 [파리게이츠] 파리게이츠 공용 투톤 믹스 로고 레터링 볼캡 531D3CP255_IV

####

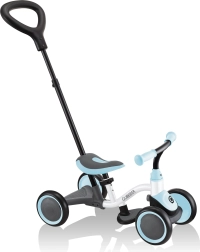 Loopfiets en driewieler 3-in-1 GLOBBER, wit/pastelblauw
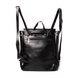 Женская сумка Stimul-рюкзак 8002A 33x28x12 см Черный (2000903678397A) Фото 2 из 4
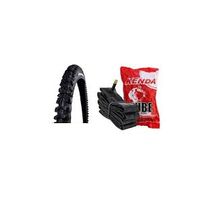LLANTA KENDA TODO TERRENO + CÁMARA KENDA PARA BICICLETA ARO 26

####

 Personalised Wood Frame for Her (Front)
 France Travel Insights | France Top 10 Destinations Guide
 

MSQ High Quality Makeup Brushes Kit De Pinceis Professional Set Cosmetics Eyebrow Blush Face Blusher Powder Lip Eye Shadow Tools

####

▶ [TASK BRIEF]
In the data above, take the line with "Loopfiets en driewieler", the line with "LLANTA KENDA TODO", and every line between, and set them down exactly without pictures.

▶ [ANSWER TO THE PROBLEM]
 Loopfiets en driewieler 3-in-1 GLOBBER, wit/pastelblauw
 Женская сумка Stimul-рюкзак 8002A 33x28x12 см Черный (2000903678397A) Фото 2 из 4
LLANTA KENDA TODO TERRENO + CÁMARA KENDA PARA BICICLETA ARO 26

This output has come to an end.